The work-from-home tax crisis we have to see coming
The living room is the new conference room, and it could lead us down a sticky path when it comes to taxes. As COVID-19 upended the world this past spring, 98 percent of businesses in the U.S. went to a work-from-home model, and some CEOs — like Barclays’ Jes Staley — predicted crowded corporate offices with thousands of employees “may be a thing of the past.”
But as business leaders and elected officials alike seek to find some footing on this uncharted terrain, they seem to encounter an unintended consequence of our “new normal” in almost every direction. For companies that have gone remote, one of those is the development of a large, work-from-home tax nexus.
Working in one municipality and living in another is nothing new. Telecommuting has been the way of the world at many large national and multinational companies for years. And for even longer, residents of area suburbs around the country have made the trek over bridges, across rivers and through tunnels to their nearby city in another state.
But just like the world wasn’t quite expecting to move tens of millions of people to online work stations at their kitchen table overnight this past March, some companies haven’t been able to get their arms around what their next tax season will look like with a large chunk of their workforce working in one state and living in another.
Right now, that admittedly seems fairly trivial. With debates ongoing about whether to re-open schools, how to handle a growing need for hospital resources, and enacting health and safety guidelines for those who have to return to offices, the idea of this new work-from-home nexus is probably low on the priority list in every C-suite. But as we’ve seen over the last few months, the situation about the future of the workplace is very fluid and the effects can have massive implications. Those advising businesses on their tax strategies need to be ready for this crunch.

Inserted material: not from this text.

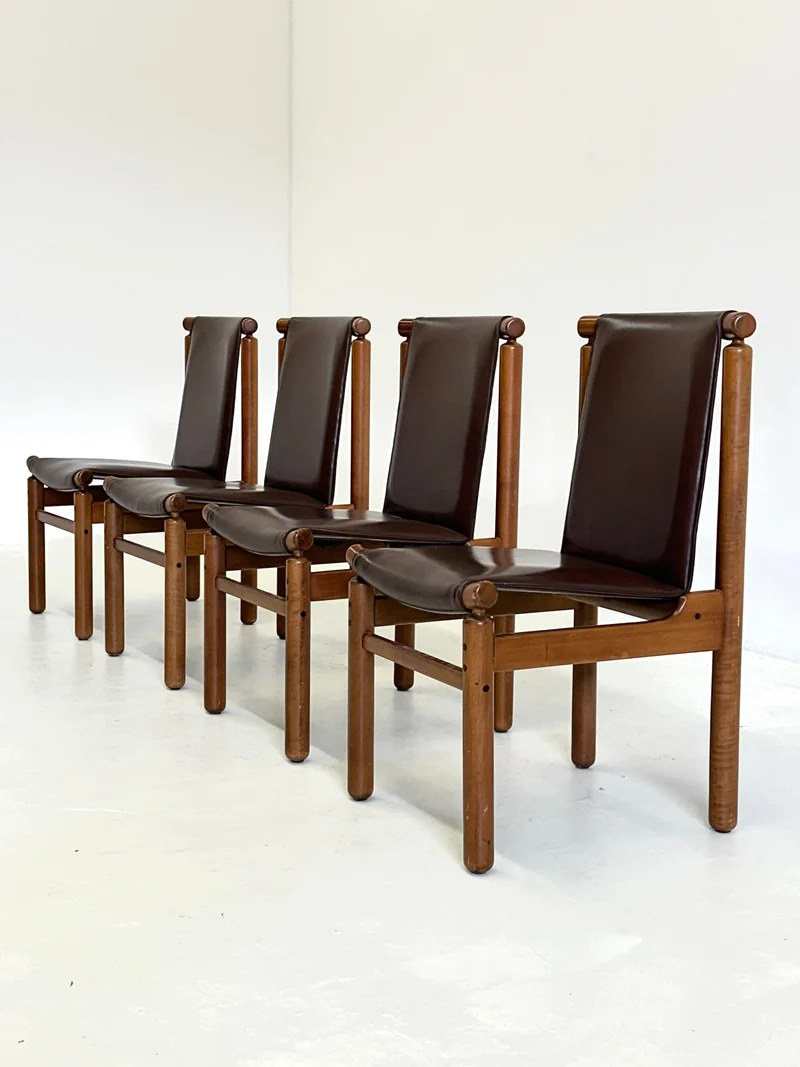 Set of Tapiovaara Dining Chairs by La Permanente Cantù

Typically, tax nexus is based on where employees physically perform services (although other factors can come into play). For example, an employee at a New York City-based business will have income tax withheld for New York, and the business will also have income tax nexus in New York because its workers are physically housed in the city.
But if that same New York City business now has the majority of its employees performing their tasks at their homes in New Jersey, it now has an income tax nexus in the state of New Jersey, meaning it would technically need to file there as well. Fortunately, some states (including New Jersey) have announced that nexus won’t be asserted if employees are working from home solely due to COVID-19-related closures or social distancing policies. However, not all states have taken this position or provided specific guidance.
Managing this situation can get really sticky in states that have similar income tax laws, but tax rates that are different. For example, California has a much higher tax rate than its closest neighbors; the same can be said for Illinois.
As we inch closer to the fall, and states start to operate with the specter of any further shutdowns looming overhead, along with the very real possibility of many of their workers becoming permanent telecommuters, business accounting could get much more complicated. On top of that, some states will undoubtedly suffer a bigger shortfall in their tax coffers.
Proceeding with caution
While the world may not have been expecting this spring’s mass exodus for our respective home offices, getting ahead of this issue with the benefit of some foresight is a must. We can never again use the excuse that we just didn’t anticipate this kind of action. Unfortunately, some businesses will be able to adapt more easily than others.
While large firms will have more employees to consider, they have the resources to throw behind a comprehensive study to fully understand their state-level tax exposures. But some smaller companies may not want to — or simply cannot afford to — pay for a full nexus study to identify where they should file.
If a company is currently deciding whether to change its work-from-home policy, senior leaders need to look into tax consequences before they make a permanent decision. The financial effects can be significant. For example, if a company has nexus in a certain state and doesn’t file income tax returns in that state, the state can go after that company indefinitely with no statute of limitations. Why? Because the statute of limitations is generally based on the date a company filed. That combination of virtually unlimited look-back and the potential for reduced tax revenue in certain business-heavy states could create a recipe for future tax headaches for businesses for many years to come.
Ultimately, there is no way around this without hyper vigilance. Accounting firms are going to have to delve deeply into the intricacies of each of their client’s businesses because those that don’t know all the states their clients operate in, how many employees work in different jurisdictions, and other important details, are doomed to see severe complications next reporting season. On top of everything we’ve already endured, this is one headache that — if we’re proactive — we can avoid.